Ocean Economy

South Africa launched Operation Phakisa in July 2014, an initiative striving to capitalize on ocean resources through a results-based, transparent development approach. Operation Phakisa focuses on six priority areas, including marine transport and manufacturing; offshore oil and gas exploration; aquaculture; marine protection services and ocean governance; small harbors; and coastal and marine tourism. The government has noted that the Oceans Economy has the potential to contribute up to R177 billion to South Africa’s GDP by 2033 and create between 800 000 to one million jobs.

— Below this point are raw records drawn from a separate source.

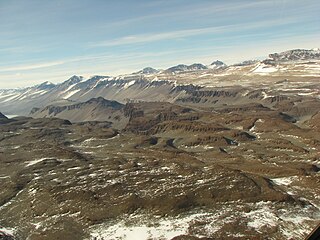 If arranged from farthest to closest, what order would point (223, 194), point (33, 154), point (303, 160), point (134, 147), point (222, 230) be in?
point (134, 147) < point (33, 154) < point (303, 160) < point (223, 194) < point (222, 230)

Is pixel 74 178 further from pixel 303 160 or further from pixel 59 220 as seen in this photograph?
pixel 303 160

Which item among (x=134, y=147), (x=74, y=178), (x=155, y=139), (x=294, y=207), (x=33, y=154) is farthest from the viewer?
(x=155, y=139)

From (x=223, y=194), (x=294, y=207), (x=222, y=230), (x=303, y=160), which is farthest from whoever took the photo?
(x=303, y=160)

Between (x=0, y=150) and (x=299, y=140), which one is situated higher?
→ (x=0, y=150)

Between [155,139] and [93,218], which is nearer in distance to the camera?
[93,218]

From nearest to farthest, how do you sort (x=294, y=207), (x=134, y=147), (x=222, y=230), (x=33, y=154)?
(x=222, y=230)
(x=294, y=207)
(x=33, y=154)
(x=134, y=147)

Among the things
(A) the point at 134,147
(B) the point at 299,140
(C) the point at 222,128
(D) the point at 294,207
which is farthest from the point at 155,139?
(D) the point at 294,207

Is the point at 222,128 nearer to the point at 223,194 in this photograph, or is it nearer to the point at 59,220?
the point at 223,194

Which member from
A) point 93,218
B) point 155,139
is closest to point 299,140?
point 155,139

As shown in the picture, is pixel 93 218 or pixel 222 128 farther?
pixel 222 128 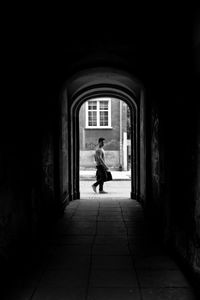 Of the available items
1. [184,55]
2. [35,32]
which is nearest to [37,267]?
[184,55]

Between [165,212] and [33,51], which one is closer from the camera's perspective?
[165,212]

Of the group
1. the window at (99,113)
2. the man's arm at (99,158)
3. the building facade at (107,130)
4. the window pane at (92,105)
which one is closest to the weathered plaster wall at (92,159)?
the building facade at (107,130)

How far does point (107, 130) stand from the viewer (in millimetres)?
22812

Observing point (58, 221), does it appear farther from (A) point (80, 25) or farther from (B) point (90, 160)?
(B) point (90, 160)

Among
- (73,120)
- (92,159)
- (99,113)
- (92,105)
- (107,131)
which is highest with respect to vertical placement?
(92,105)

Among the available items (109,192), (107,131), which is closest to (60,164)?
(109,192)

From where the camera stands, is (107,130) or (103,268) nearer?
(103,268)

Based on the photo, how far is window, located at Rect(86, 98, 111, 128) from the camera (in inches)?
898

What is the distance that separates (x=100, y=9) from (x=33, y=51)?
119 centimetres

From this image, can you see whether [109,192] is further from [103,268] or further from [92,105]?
[92,105]

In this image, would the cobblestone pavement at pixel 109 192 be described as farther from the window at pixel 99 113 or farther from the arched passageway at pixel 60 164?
the window at pixel 99 113

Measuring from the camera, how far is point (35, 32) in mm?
4406

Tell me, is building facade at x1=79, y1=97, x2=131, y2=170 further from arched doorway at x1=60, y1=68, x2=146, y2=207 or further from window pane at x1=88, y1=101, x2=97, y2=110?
arched doorway at x1=60, y1=68, x2=146, y2=207

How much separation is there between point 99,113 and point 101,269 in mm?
19889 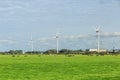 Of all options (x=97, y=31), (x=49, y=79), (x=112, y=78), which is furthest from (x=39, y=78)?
(x=97, y=31)

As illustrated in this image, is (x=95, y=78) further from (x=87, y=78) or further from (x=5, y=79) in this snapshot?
(x=5, y=79)

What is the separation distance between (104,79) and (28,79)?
9.30 m

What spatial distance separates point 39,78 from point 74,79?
4669 millimetres

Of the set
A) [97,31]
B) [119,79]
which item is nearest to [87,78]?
[119,79]

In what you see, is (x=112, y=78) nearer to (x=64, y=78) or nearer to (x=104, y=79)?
(x=104, y=79)

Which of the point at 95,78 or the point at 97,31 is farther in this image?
the point at 97,31

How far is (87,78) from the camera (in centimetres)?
5088

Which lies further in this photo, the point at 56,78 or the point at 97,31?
the point at 97,31

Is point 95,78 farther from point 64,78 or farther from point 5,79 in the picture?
point 5,79

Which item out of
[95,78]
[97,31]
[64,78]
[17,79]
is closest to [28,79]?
[17,79]

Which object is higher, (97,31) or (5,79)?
(97,31)

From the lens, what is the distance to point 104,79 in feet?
159

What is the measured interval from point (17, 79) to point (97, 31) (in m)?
124

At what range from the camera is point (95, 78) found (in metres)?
50.2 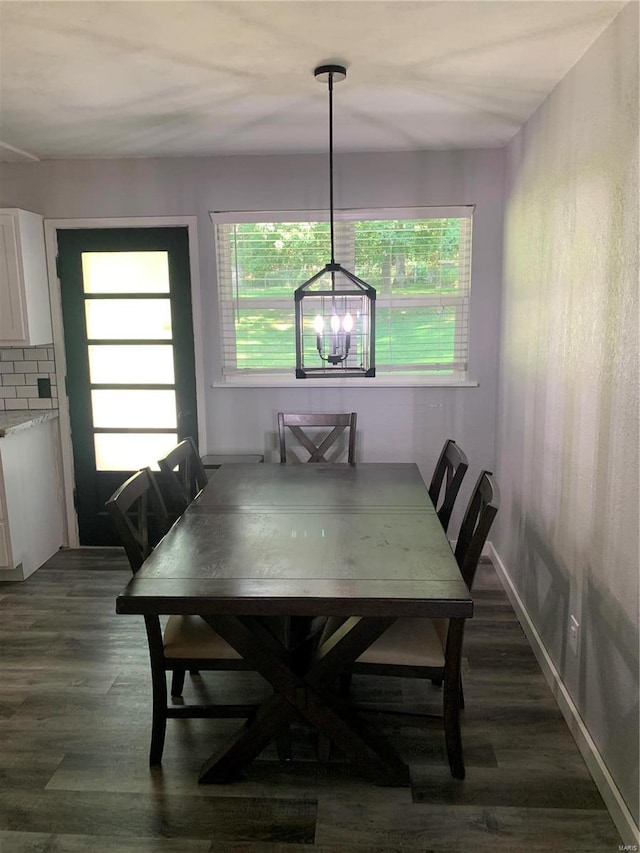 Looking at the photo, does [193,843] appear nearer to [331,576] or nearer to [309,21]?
[331,576]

Currently, South Africa’s rich and productive coastal waters support thousands of jobs and add millions of rand to the national economy each year, with coastal goods and services estimated to contribute 35% to South Africa’s gross domestic product (GDP).  In 2010, the ocean contributed approximately R54-billion to South Africa’s GDP and accounted for approximately 316,000 jobs. It is estimated that 30% of South Africa’s population live within 60km of the coast (DEA 2000). 100,000 people rely on fisheries for their livelihoods and source of income and approximately 312,000 tons of seafood is eaten annually, with per capita seafood consumption at 6.25kg in 2010.

The commercial fisheries field consists of more than 22 sectors engaging more than 2,900

rights holders and approximately 1,788 vessels. Their annual production was more than 600,000 tons, with a value of R5.8 billion in 2012.

Ports and Harbours Infrastructure: There are six major ports on the South African coastline in Durban, Richards Bay, Port Elizabeth, East London, Cape Town and Saldanha, which also serve the neighboring landlocked countries. Over 30,000 vessels pass through South Africa’s coast on an annual basis, with 13,000 vessels docking in its ports, providing numerous opportunities for job creation[1].

Oil and gas resources: South Africa has potential resources of approximately 9 billion barrels of oil, equivalent to 40 years of oil consumption. Additionally, there is approximately 60 trillion cubic feet of gas, equivalent to 375 years of gas consumption. Around 80 oil rigs are estimated to be in the range of Western Cape, offering significant potential for repairs in the ports, as well as land based operational support[2]. 

Fisheries / Aquaculture: The aquaculture sector in South Africa employs around 15,000 people in direct and full-time jobs. Experts estimate the revenue contributed by aquaculture to South Africa’s economy to be as much as R3 billion[3]. Stocks of both deep-water and shallow-water hake off South Africa have recovered to biologically sustainable levels because of good recruitment and strict management measures introduced since 2006.

Coastal Tourism: has the potential to contribute R21,4 billion to GDP and create 116,000 jobs by 2026. 

Marine Spatial Planning/ICZM: The South African government has decided to undertake MSP as part of the Oceans Economy component of Operation Phakisa. The MSP component forms part of Operation Phakisa Initiative 10 ‘Marine Spatial Planning Process’, led by the Department of Environmental Affairs.